Ang Lee in Korea to Promote Latest Daring Venture

      October 30, 2007 08:01

      The Taiwanese-American director Ang Lee was in Korea for the first time in seven years since his last visit with his Oscar-winning film "Crouching Tiger, Hidden Dragon."

      This time, he brought his 11th film "Lust, Caution" with him, winner of the Golden Lion at the 64th Venice International Film Festival a month ago. Not the least of its attractions are the sex scenes betweeen Hong Komg legend Tony Leung and new face Tang Wei.

      At a press conference on Monday morning, Lee explained that sex is a means to express hatred, love and anger in the movie. In a separate interview in the afternoon on the same day, he confessed it was so hard to deal with the sex scenes emotionally that he even wept at one stage.

      Unlike previous works that dealt with what might be called emotional eroticism -- his debut film "Pushing Hands" in 1992, "Eat Drink Man Woman" in 1994, "Sense and Sensibility" in 1995, "Brokeback Mountain" in 2005 and even "Hulk" in 2003 -- "Lust, Caution" focuses on a more raw sensual experience.

      The bold nude scenes are departure for Leung.

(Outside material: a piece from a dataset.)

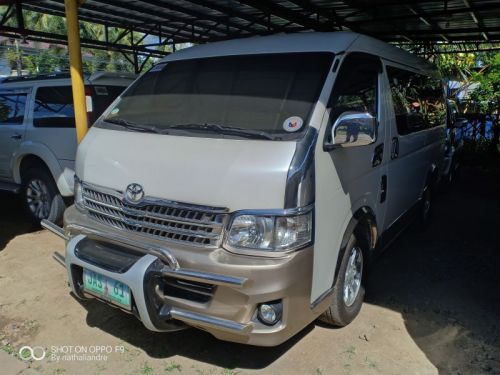 Toyota Hiace SUPER GRANDIA in Philippines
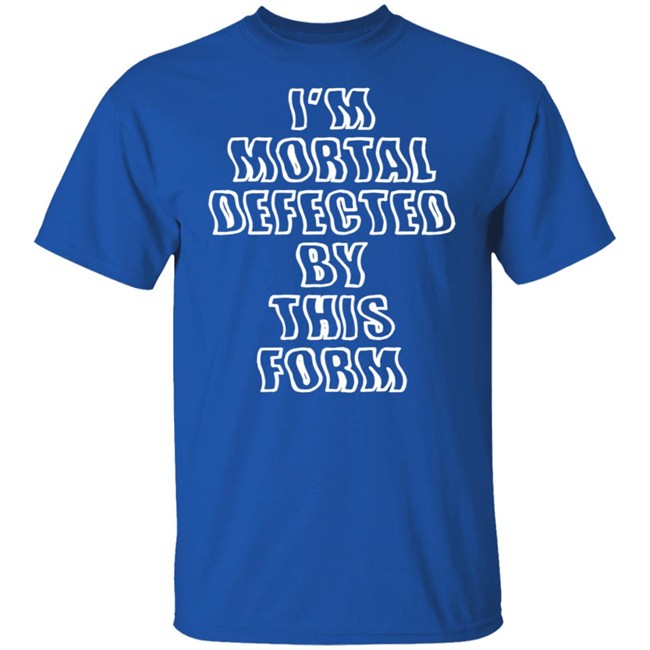 Melanie Martinez Merch I’M Mortal Defected By This Form Sweatshirt Hoodie Melanie Martinez Merch I’M Mortal Defected By This Form Sweatshirt Hoodie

Hong Kong tabloids reported that even the actor himself complained about the scenes after watching the edited film; but Ang denies the reports, saying Leung reassured him not to pay any attention to the rumors.

      Ang Lee and actress Tang Wei pose for camera at a press conference for their new film "Lust, Caution" at the Hotel Shilla in Seoul on Monday.

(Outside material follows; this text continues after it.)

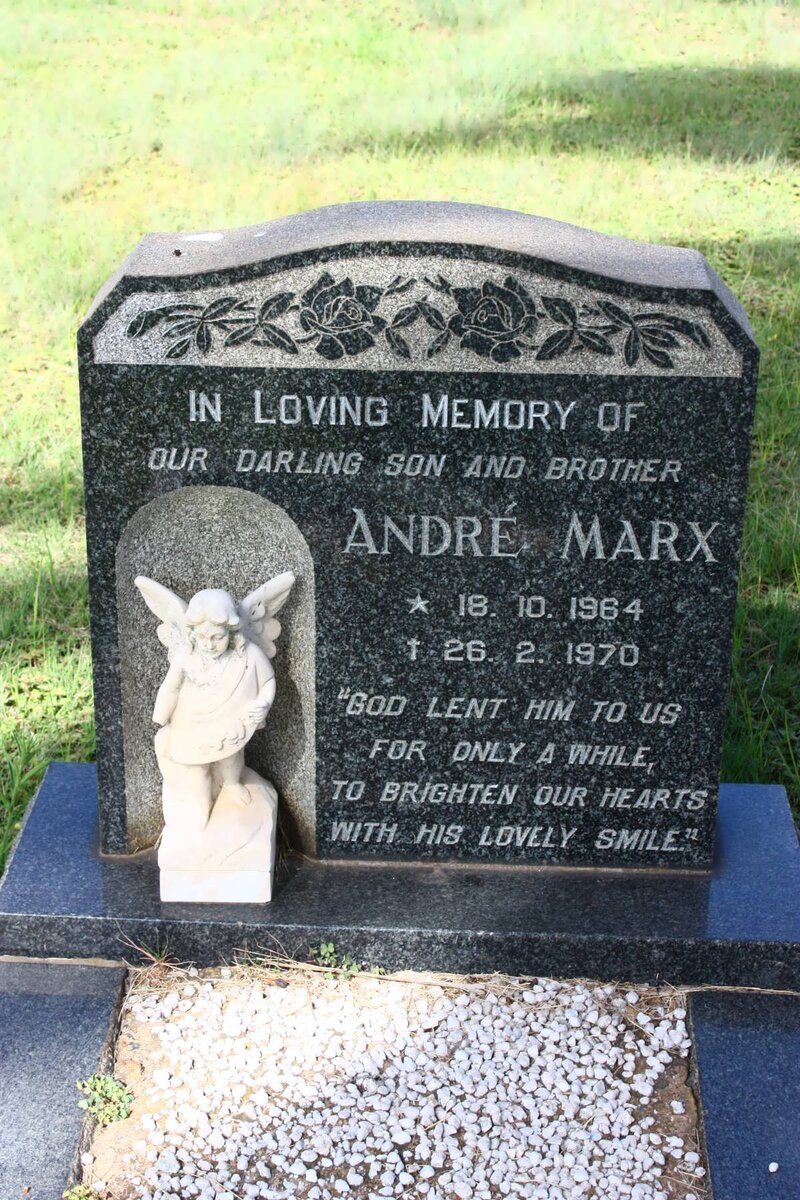 MARX André 1964-1970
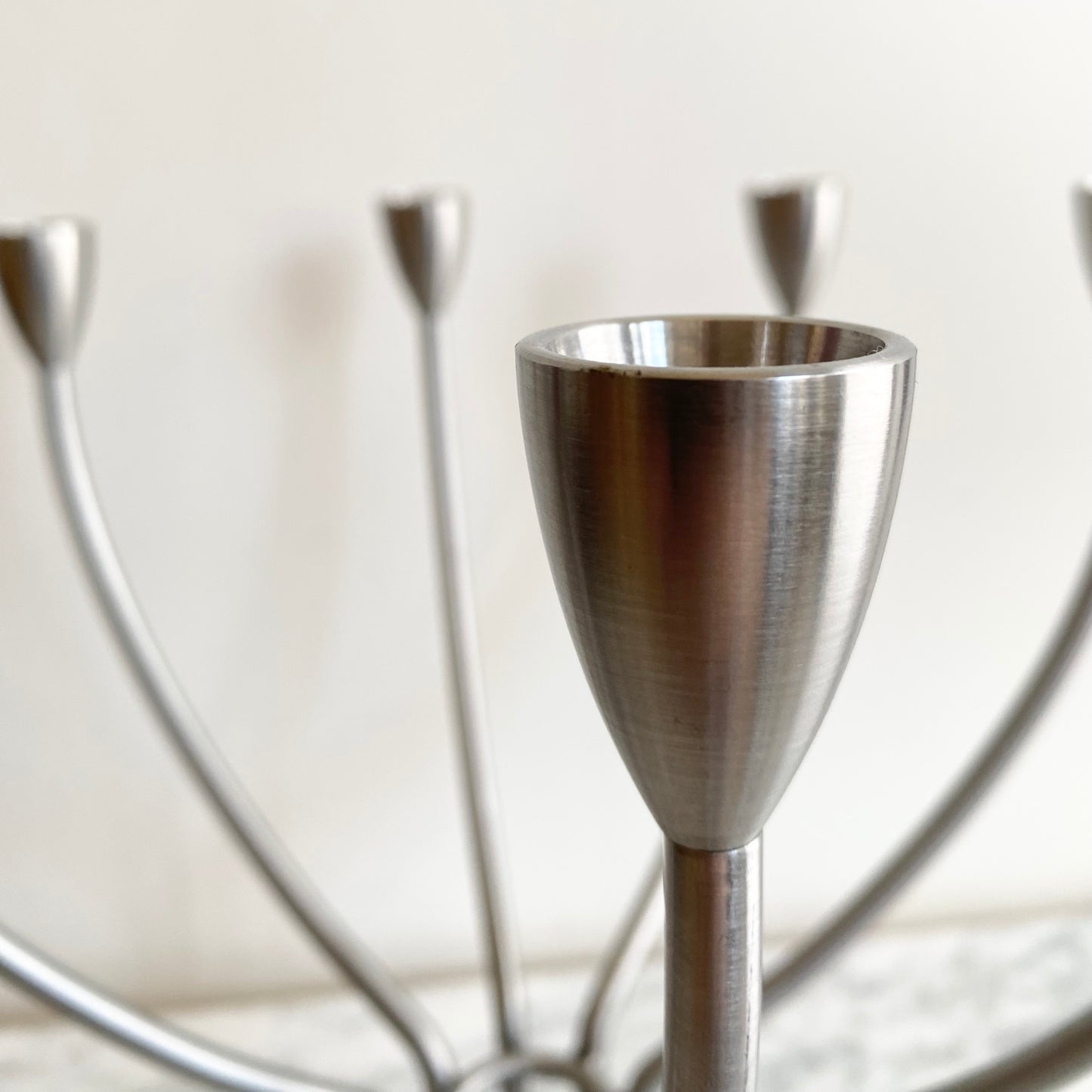 Vintage Ikea 8-arm Candelabra by Knut and Marianne Hagberg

      "I believe that extremely suppressed feelings end up finding a physical expression," Lee says. "The subconscious of 'Hulk,' who has to turn into a monster, is not essentially different from the inner world of the leading characters of "Lust, Caution," who cannot help having sex despite their hatred."

      Set in Shanghai and Hong Kong during the 1940s, "Lust, Caution" is a period drama dealing with a woman spy (Tang Wei) who tries to kill a top Japanese collaborator (Leung), and her inner conflict between finding her sexuality and her patriotism.

      For Korean audiences, this is being sold as a commercial film rather than an art film. This may be the reason that quite a few people were surprised at news that the film won the Golden Lion in Venice.

      The director himself seems surprised. "Frankly speaking, I didn't expect to win at the Venice Film Festival at all," he says. "To Western critics and audiences who are not familiar with Asian culture, the film must seem like an art film."